All development wells were batch-drilled in three phases with all vertical top holes being drilled and cased, followed by all intermediate holes, which contained the build sections and landed in the target reservoirs. Lastly the laterals were drilled. Batch-drilling proved to be highly efficient. The benefits of batch-drilling included achieving a better "feel" for maintaining the correct equivalent circulating density (ECD) in the laterals where drilling margins were tight. A constant concern was that of maintaining optimum ECD to minimize formation damage that could affect subsequent well performance under production. The crew was also able to make mid-course trajectory and azimuth corrections based on real-time observations from the LWD string to penetrate reservoir "sweet spots." Wells were completed using lateral gravel packs and screens with inflow control devices. As part of the reservoir management plan, downhole gauges were installed. In addition, in anticipation of potential flow assurance issues, production umbilicals were provided with conduits for injection of remedial chemicals to mitigate possible problems.

Part of the plan involved constructing a tieback pipeline to transport produced gas away from the FPSO. Arrangements were made to tie into an existing subsea gas pipeline that ran nearby. After produced gas was separated from the flow stream on the FPSO, it was cleaned up and pumped down a dedicated gas riser to a seabed line that subsequently tied into the gas pipeline.

Planning is key

The BC-10 project epitomizes the thorough planning required for deepwater well construction. Operators are convinced that in many cases you only get one chance to construct deepwater wells correctly. Side tracks and deepwater interventions are extremely expensive not only for their cost, but also for the delay of production. The best way to deal with production problems is to prevent them in the first place. By maintaining focus on the desired end result, companies have a much better chance of achieving it. The BC-10 story is a classic example of how to do it right the first time.

For the BC-10 project, well construction was closely coordinated with completion, production, and reservoir management. All the while drilling was being conducted, the seabed production scheme was being executed, modules installed, tested, and tied together. The FPSO arrived onsite at the end of 2008 and set about pulling in the risers that had been previously laid on the seabed. By the time first oil was produced, both the seabed facilities and the surface production facilities were ready and tested. By following a detailed plan, clashes were avoided, and every contingency was handled. Deepwater drilling cannot be achieved in a vacuum.

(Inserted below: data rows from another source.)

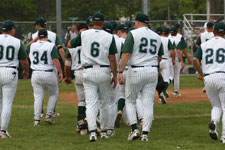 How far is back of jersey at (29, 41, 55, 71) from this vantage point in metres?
12.1

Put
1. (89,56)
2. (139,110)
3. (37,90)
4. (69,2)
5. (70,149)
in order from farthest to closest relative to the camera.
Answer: (69,2), (37,90), (139,110), (89,56), (70,149)

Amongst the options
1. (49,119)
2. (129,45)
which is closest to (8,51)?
(129,45)

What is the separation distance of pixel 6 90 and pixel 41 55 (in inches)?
71.4

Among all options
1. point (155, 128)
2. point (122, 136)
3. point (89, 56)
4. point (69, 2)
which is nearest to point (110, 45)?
point (89, 56)

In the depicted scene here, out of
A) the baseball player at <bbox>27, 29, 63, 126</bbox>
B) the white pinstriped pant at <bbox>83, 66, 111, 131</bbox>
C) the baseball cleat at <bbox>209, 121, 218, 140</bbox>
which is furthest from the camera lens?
the baseball player at <bbox>27, 29, 63, 126</bbox>

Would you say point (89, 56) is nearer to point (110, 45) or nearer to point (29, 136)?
point (110, 45)

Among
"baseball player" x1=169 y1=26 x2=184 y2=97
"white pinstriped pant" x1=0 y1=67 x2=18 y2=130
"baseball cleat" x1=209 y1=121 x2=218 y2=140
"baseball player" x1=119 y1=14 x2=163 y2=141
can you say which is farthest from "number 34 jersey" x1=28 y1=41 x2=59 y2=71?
"baseball player" x1=169 y1=26 x2=184 y2=97

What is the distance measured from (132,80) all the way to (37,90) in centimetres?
332

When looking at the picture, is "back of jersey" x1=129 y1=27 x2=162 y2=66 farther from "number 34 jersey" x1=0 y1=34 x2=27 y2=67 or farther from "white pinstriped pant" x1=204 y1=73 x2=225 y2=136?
"number 34 jersey" x1=0 y1=34 x2=27 y2=67

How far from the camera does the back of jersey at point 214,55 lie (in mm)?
9602

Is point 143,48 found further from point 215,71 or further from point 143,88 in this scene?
point 215,71

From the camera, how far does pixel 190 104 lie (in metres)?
16.1

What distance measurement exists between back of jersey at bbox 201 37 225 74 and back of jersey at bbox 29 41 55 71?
3736mm

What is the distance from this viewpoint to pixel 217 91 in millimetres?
9688
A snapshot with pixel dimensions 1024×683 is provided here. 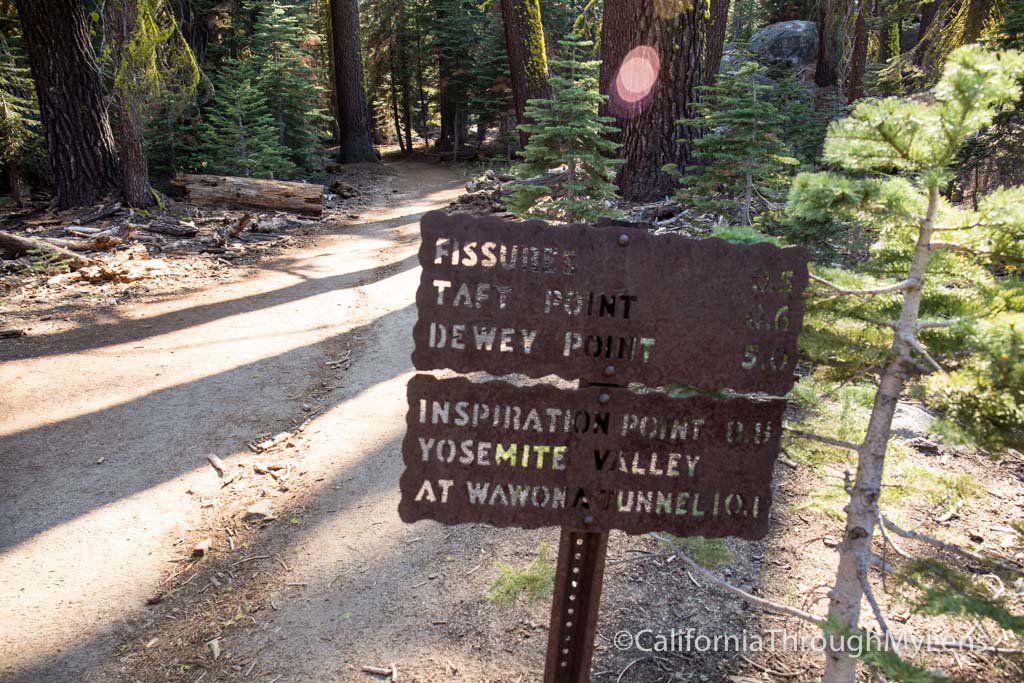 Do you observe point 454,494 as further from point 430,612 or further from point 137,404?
point 137,404

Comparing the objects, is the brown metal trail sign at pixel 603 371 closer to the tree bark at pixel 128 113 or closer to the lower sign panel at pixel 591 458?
the lower sign panel at pixel 591 458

The exploitation of deepwater and ultra-deepwater discoveries continues apace. Significant progress has been made in the Gulf of Mexico and offshore Brazil. Although the world record extended-reach wells of Sakhalin Island, Russia, have mostly been drilled from the island using land rigs, the challenges are quite similar to those encountered in deepwater reservoirs. Today, the deepwater drilling record has moved from the Gulf of Mexico to the Krishna Godivari basin offshore India where theTransocean Dhirubhai Deepwater KG1 ultra-deepwater drillship recently constructed a well in 10,411 ft (3,174 m) of water.